I have to disagree with you, Scott: I have what were brought in as "Brunos"...two have bright yellow bellies and one has a robin egg blue belly. Attached below is an image of one of the ones with a yellow belly. However, what these frogs actually "are" is a whole seperate issue.

As far as the original question...Chiriqui Grande is a town in the Bocas region of Panama, which has a river or two that runs by it: http://richarddetrich.files.wordpress.com/2008/02/chiriqui.jpg. The Rio Chiriqui Grande Viejo is a popular whitewater river that runs near the border of Costa Rica and Panama.

My _hunch_ is that Rio Chiriqui and Chiriqui Grande are two terms for the same frog and that they were collected near the town of Chiriqui Grande. However, the best info we have is the pointing finger of a collector on a map of Panama.

My understanding is that some of these frogs came in (with the collector pointing to a spot on the map). Someone saw the frogs and, having been to Panama, said they looked similar to frogs from the "Bruno" location. They frogs were then dubbed and sold as Bruno.
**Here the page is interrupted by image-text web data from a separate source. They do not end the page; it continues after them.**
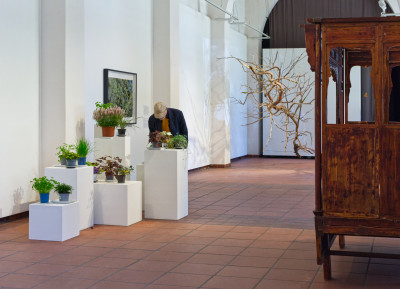 View of the gallery space with a picture on the wall, a wooden bed, an installation of dry branches and plants in flower pots placed on pedestals of different heights. A man bends over one of these plants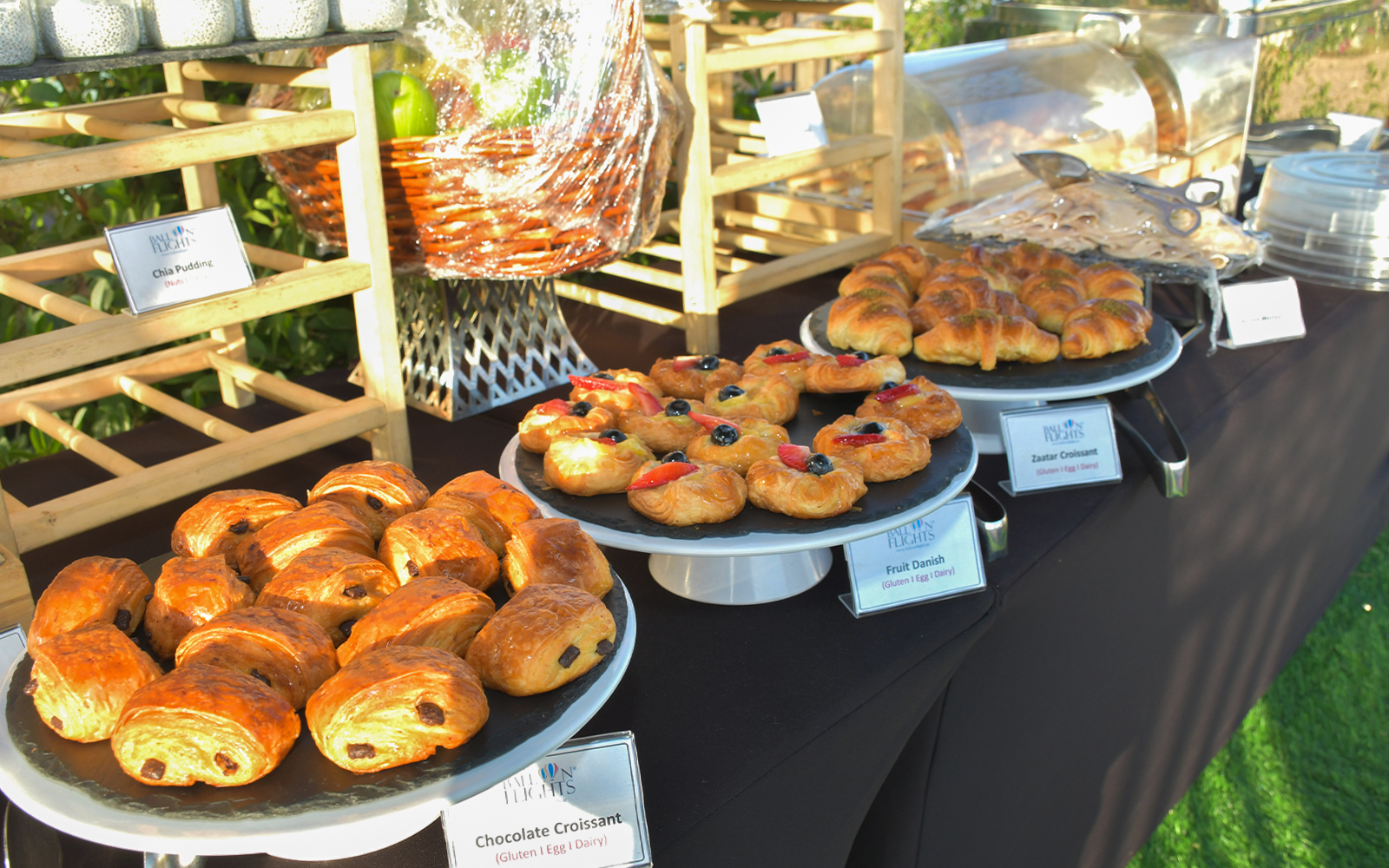 Assorted pastries on display for hot air balloon experience breakfast.
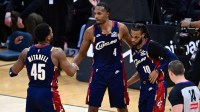 Cleveland Cavaliers center Evan Mobley (4) congratulates guard Donovan Mitchell (45) and guard Darius Garland (10) after the Cavaliers defeated the Denver Nuggets at Rocket Arena.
Later, others said they looked like frogs from the Chiriqui Grande location, and given what seemed like a greater likelihood of their collection there vs. the far side of the Valiente Peninsula, people dubbed and sold them as such.

Personally, using belly pattern and coloration, I think Chiriqui Grande seems like a better fit...but we'll probably never know.

In that same shipment were some red frogs with greyish legs, and the collectors said they were collected in the same area. However, at the time, no one knew of a red frog from that area (the logic, I guess, being that if we in the hobby don't know about them...they must not be there), and so they were given a title of a morph that they looked the closest to that we actually had information on: Man Creek. Later, however, someone then reported that there is in fact a red population of frogs in the Chiriqui Grande area with grey legs. However, I believe the actual Man Creek locale actually isn't that far away from Chiriqui Grande...so where these frogs were collected from is hard to say. As Scott said, to keep them seperate and manage them as seperate populations is most likely the best and safest thing to do.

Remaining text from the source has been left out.